Procedural Background

As a prerequisite to this action, 29 U.S.C. § 501(b), plaintiffs on August 2, 1971 wrote to the defendant officers of the NMU, requesting the filing of an action for an accounting of the NMU general fund and pension plan and to recover damages for the losses sustained as a result of breaches of fiduciary duty by the officers "in that they did suffer and permit expenditures of moneys from the NMU general fund which expenditures were not for the benefit of the organization and its members" and by the trustees "in that they did permit expenditures of moneys from the (maritime Union Pension) Plan, which expenditures were contrary to the terms of the Plan and not for the benefit of the participants of said Plan." The letter set forth a number of specific examples of the alleged breaches, adding that they were "merely illustrations and your actions should not be limited to recovery solely of these items" but of all losses "discovered or discoverable in the necessary accounting proceedings."

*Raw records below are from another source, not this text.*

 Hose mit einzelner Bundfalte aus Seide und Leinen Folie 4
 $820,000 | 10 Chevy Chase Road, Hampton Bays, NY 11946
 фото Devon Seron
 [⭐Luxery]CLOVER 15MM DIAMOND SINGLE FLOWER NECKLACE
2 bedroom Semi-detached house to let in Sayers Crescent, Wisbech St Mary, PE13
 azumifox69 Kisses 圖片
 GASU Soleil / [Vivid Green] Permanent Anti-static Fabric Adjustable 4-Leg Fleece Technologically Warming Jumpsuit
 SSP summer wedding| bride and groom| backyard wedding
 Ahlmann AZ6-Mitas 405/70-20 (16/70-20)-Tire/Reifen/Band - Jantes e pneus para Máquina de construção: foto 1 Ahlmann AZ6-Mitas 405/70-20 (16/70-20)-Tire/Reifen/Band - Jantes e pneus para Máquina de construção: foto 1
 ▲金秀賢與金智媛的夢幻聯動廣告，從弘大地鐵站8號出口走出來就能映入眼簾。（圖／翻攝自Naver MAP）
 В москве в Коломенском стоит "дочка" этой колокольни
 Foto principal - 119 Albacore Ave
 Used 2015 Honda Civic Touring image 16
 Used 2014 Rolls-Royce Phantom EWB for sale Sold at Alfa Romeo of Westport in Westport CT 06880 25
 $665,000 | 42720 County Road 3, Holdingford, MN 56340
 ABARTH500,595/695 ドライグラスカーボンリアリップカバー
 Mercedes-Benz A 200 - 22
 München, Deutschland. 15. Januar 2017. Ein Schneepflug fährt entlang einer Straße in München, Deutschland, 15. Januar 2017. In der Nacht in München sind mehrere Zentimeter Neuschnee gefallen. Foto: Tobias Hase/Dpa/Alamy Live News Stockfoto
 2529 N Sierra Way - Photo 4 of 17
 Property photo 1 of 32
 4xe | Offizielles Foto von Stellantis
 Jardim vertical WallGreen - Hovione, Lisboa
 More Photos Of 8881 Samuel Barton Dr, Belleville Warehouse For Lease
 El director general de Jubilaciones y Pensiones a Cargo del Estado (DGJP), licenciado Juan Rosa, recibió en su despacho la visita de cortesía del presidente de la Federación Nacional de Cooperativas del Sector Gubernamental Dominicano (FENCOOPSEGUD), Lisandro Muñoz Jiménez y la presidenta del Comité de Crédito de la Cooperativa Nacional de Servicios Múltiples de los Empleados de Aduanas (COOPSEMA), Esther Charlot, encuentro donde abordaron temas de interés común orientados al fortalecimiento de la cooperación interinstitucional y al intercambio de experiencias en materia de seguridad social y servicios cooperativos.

 When, as expected, no action resulted, plaintiffs applied to this Court, pursuant to Section 501(b), for leave to bring suit. On January 9, 1973, Judge Robert L. Carter granted leave to commence a proceeding, Inter alia,

"1. For an accounting of the general funds of the NMU;
"3. For an accounting of the NMU Officers' Pension Fund;
"4. For damages, injunctive and other appropriate relief against the defendants with relation to the breaches of their fiduciary duties under Title 29 U.S.C. (s) 501 * * *."

 The original Complaint charged thirteen specific violations of trust and, by a memorandum and order dated February 25, 1975, 76 CCH Labor Cases P 10,695, the Court granted leave to file an Amended Complaint alleging six more.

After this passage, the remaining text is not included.